To find out how fast the train must travel for the next 100 km to achieve an average speed of 70 km/h for the entire journey, we first need to understand how average speed is calculated.
The average speed is given by the formula:
Average Speed = Total Distance / Total Time
Let’s assume the total distance of the journey is 200 km, with the first segment being 100 km. We want the average speed to be 70 km/h.
First, we find the total time required to travel 200 km at an average speed of 70 km/h:
Total Time = Total Distance / Average Speed
Total Time = 200 km / 70 km/h = 2.857 hours (approximately)
Now, let’s denote the time taken to travel the first 100 km as t1, and the speed for the first segment can be considered as s1. The time taken for the first leg is:
t1 = 100 km / s1
This leads us to the rest of the journey: the time taken to travel the next 100 km, represented as t2, will be:
t2 = Total Time – t1 = 2.857 hours – (100 km / s1)
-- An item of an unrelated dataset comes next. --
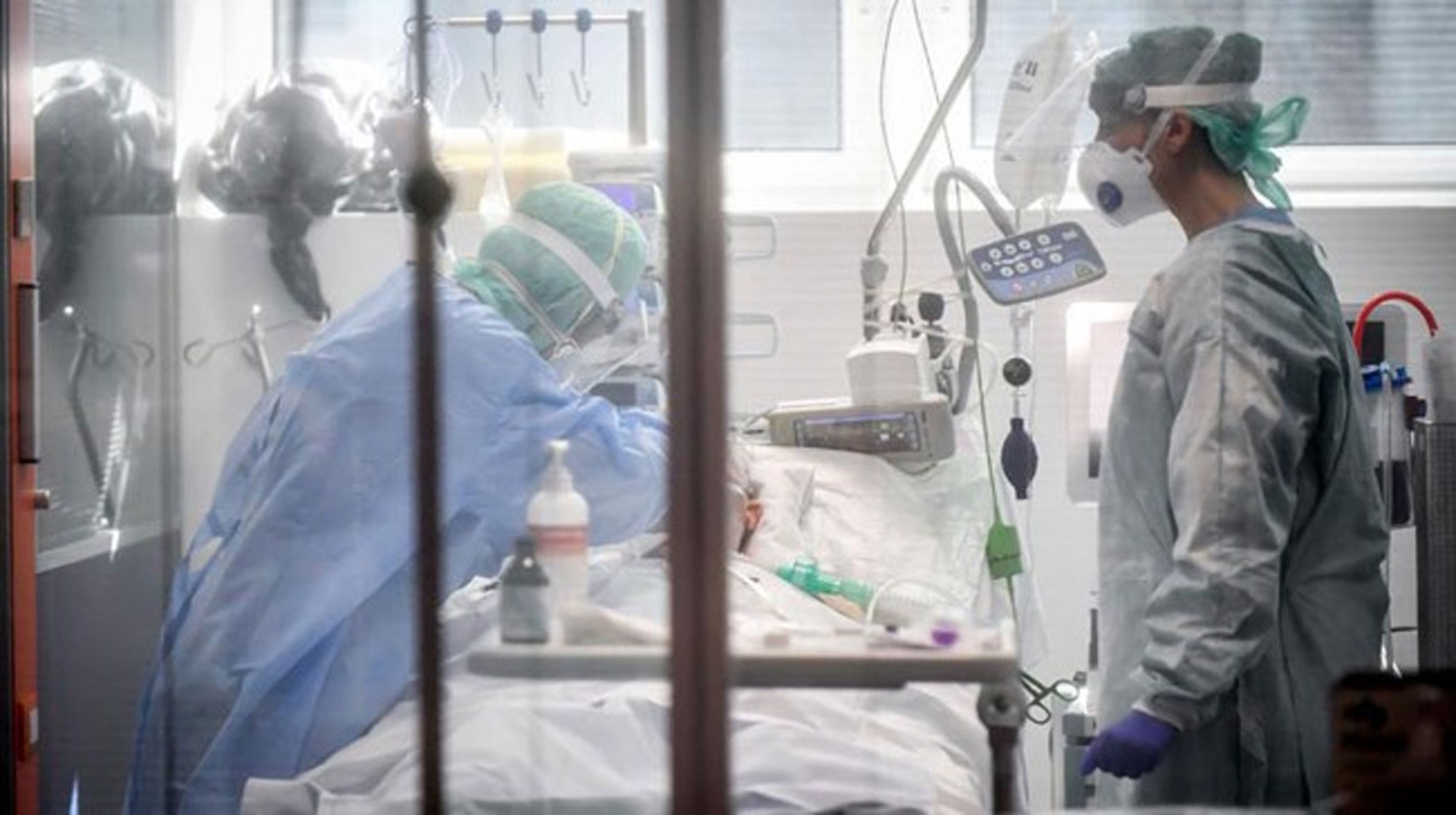 Five decades of growth in the healthcare system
For the average speed to equal 70 km/h, we need:
t2 = 100 km / s2
where s2 is the speed for the next 100 km. Therefore, we equate the two expressions for time:
100/s2 = 2.857 – (100/s1)
From this equation, you can rearrange it to express the relationship between s1 and s2. However, without knowing the speed for the first segment, we can’t calculate an exact speed for s2 without further information on the first leg of the journey. If we assume that s1 is equal to the desired average speed of 70 km/h for simplification:
t1 = 100 km / 70 km/h = 1.42857 hours
Plugging this back into our equation gives:
t2 = 2.857 – 1.42857 = 1.42843 hours
And to find s2:
s2 = 100 km / t2 = 100 km / 1.42843 hours ≈ 70.0 km/h
Thus, if the train travels at an average speed of 70 km/h for the first 100 km, it must continue at the same speed for the second leg to maintain that average. If the speed in the first leg is less than 70 km/h, the required speed for the next leg must increase to make up for it.